Matthieu lui même ne précise pas de quel chef il s'agit.
Dans l'évangile de Marc cependant la précision nous est
apporté. Il s'agit d'un chef de synagogue, donc un juif
connaissant bien la loi, et notamment le commandement de ne pas adorer
d'autres dieux que Jéhovah. Cette prosternation n'est donc pas
une adoration, car pour ce chef, Jésus avait certes un grand
pouvoir mais il n'était pas Dieu.
- "un chef de la synagogue entra, et se prosternant devant lui." [2]

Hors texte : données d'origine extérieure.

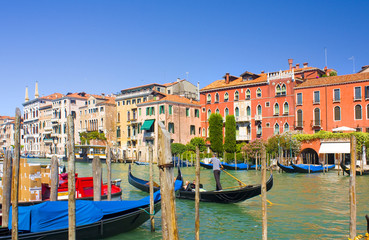 Fototapeta na wymiar Gondolas along Grand Canale in Venice, Italy 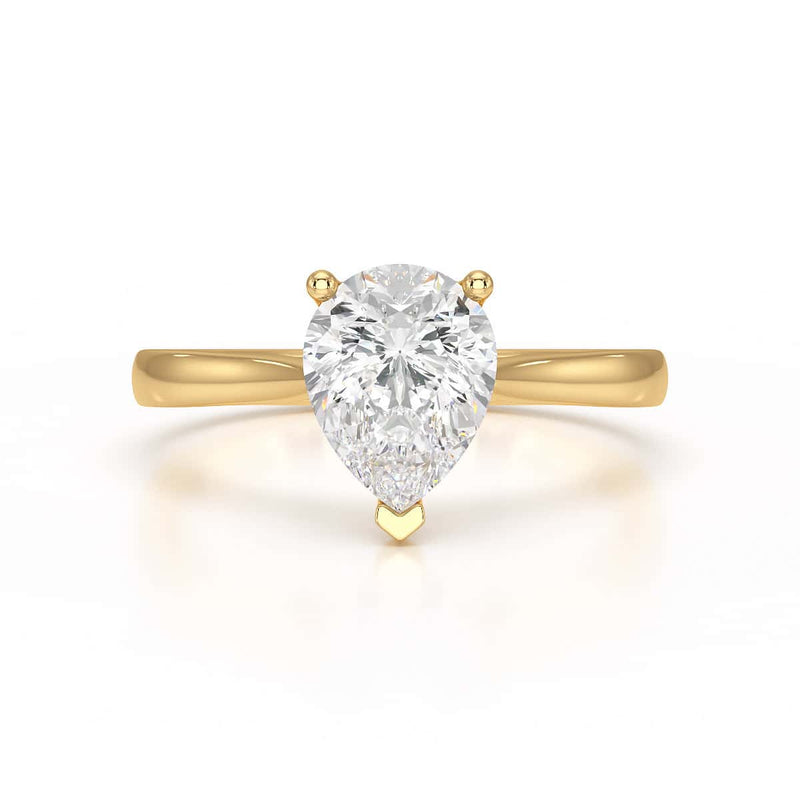Diamond Solitaire Engagement Ring With a Pear Shape Diamond Solitaire and Tapered Shoulders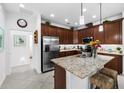 Modern eat-in kitchen featuring a center island with bar seating, granite countertops and stainless appliances at 251 Island Breeze Ave, Daytona Beach, FL 32124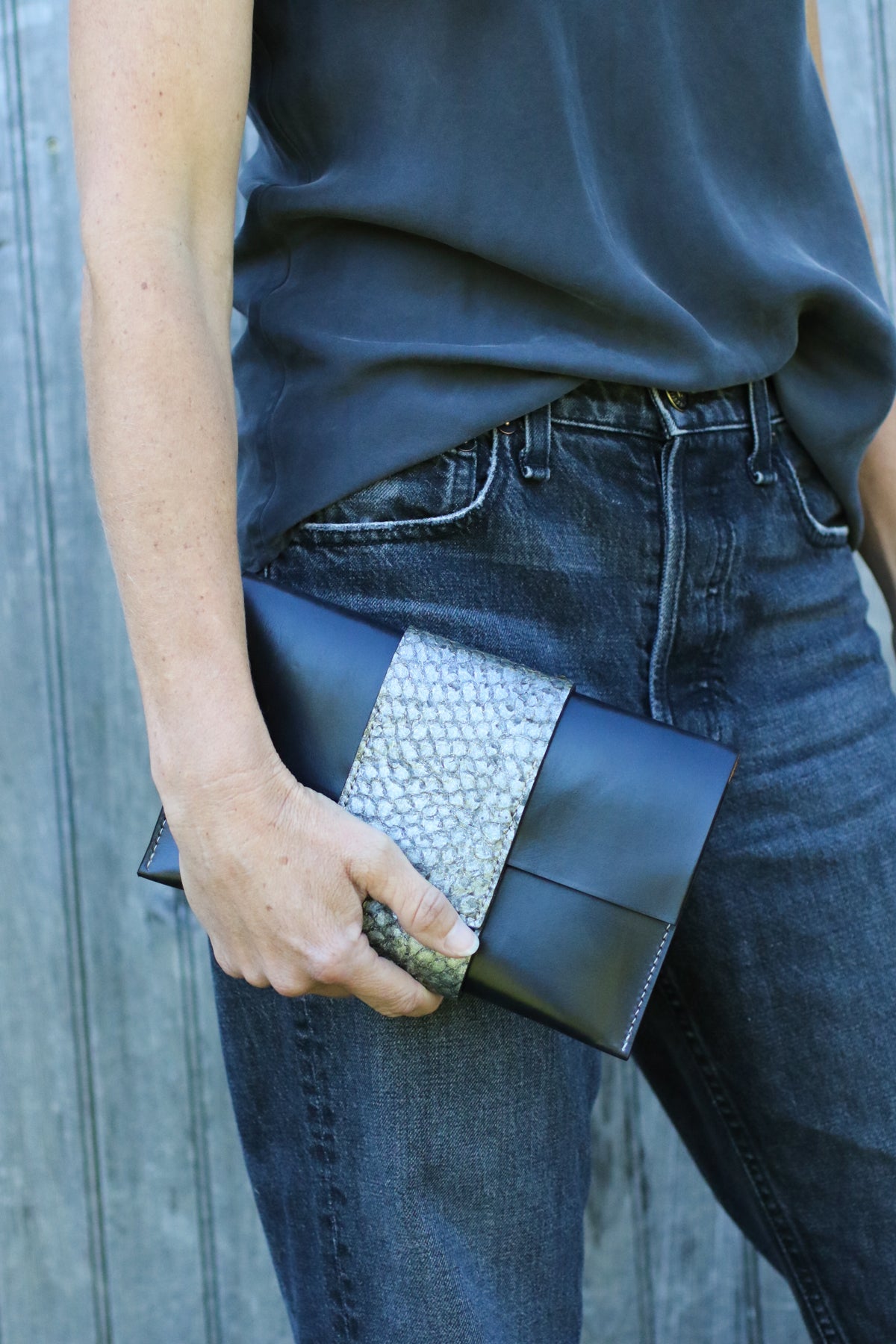 black leather perch clutch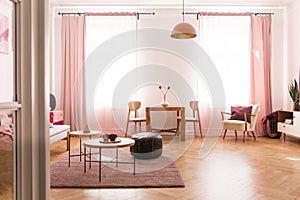Dining table with chair in the middle of bright pastel pink living room in tenement house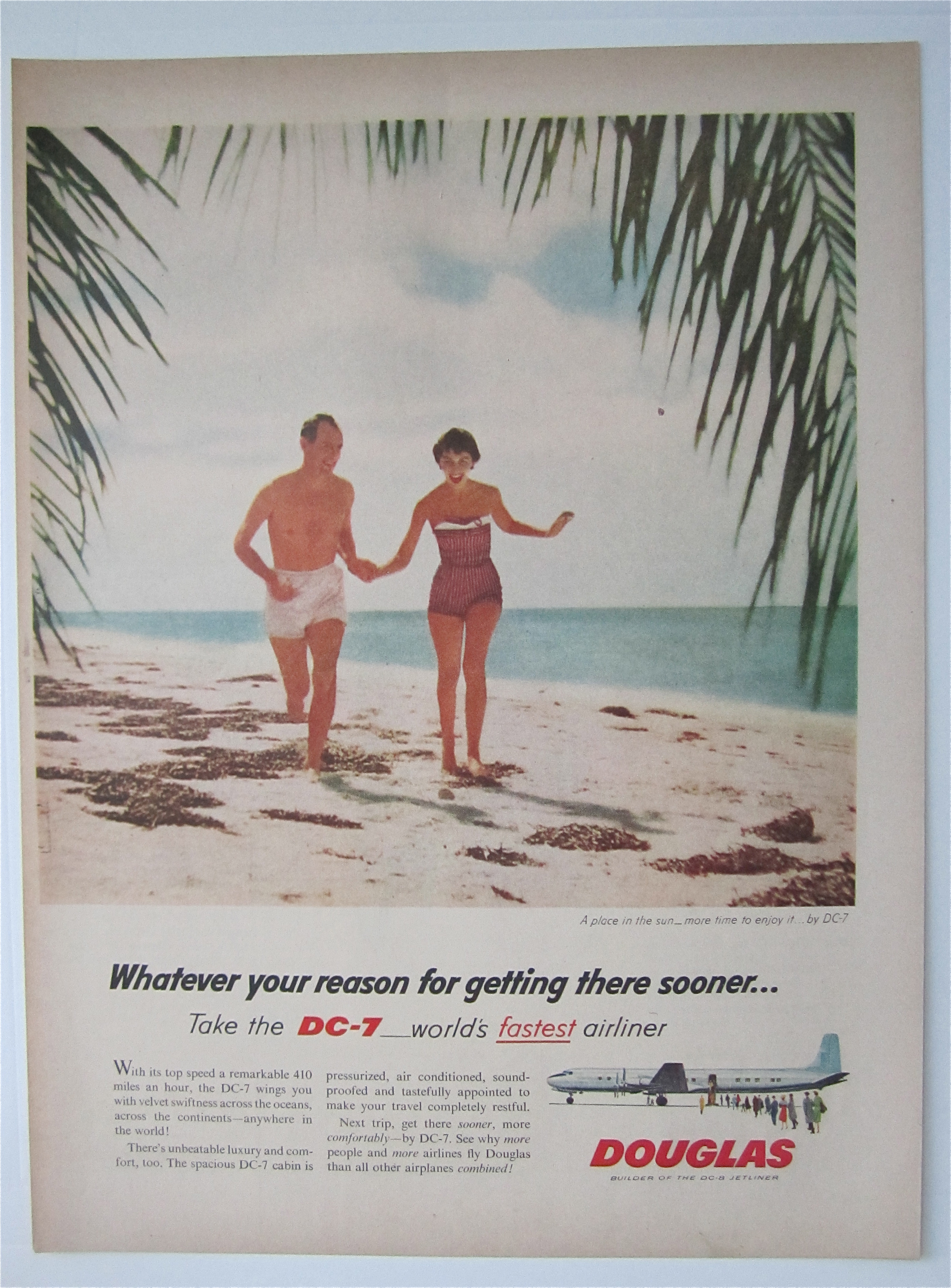 1957 Douglas DC-7 Airliner with Couple Running on Beach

- "voici qu'un chef s'avançant, se prosternait devant lui." [3]
- "voici qu'un chef s'approche, et il se prosternait devant lui." [4]
Là encore, nombres de traducteurs s'accordent à dire que
le Christ n'était pas l'objet d'une adoration mais plutôt
d'un respect, sans doute grâce au soulagement que Jéhovah
lui permettait d'accomplir.
[1]
J.H Tayer. p 548.
[2] La Sainte
Bible, L'Abbé A. Crampon. Cependant
l'Abbé Crampon rajouta dans la note en bas de page : "L'adorer, lui rendre hommage en
nous prosternant devant lui ; c'est le sens du verbe proskunein . NEG 1979, BFC, traduisent "adorer" dans les trois cas.
[3] La Bible d'Osty.
Introductions et notes d'Emile Osty et Joseph
Trinquet. Les traducteurs rajouteront dans leur note en bas de page :
"La traduction "adorer" nous semble forcer le texte".
[4] La Bible de
Jérusalem, Édition de référence
avec notes et augmentée de clefs de lecture.
[5] D'une Langue à une autre,
Jan de Waard- Eugene A. Nida, p54. Alliance biblique universelle.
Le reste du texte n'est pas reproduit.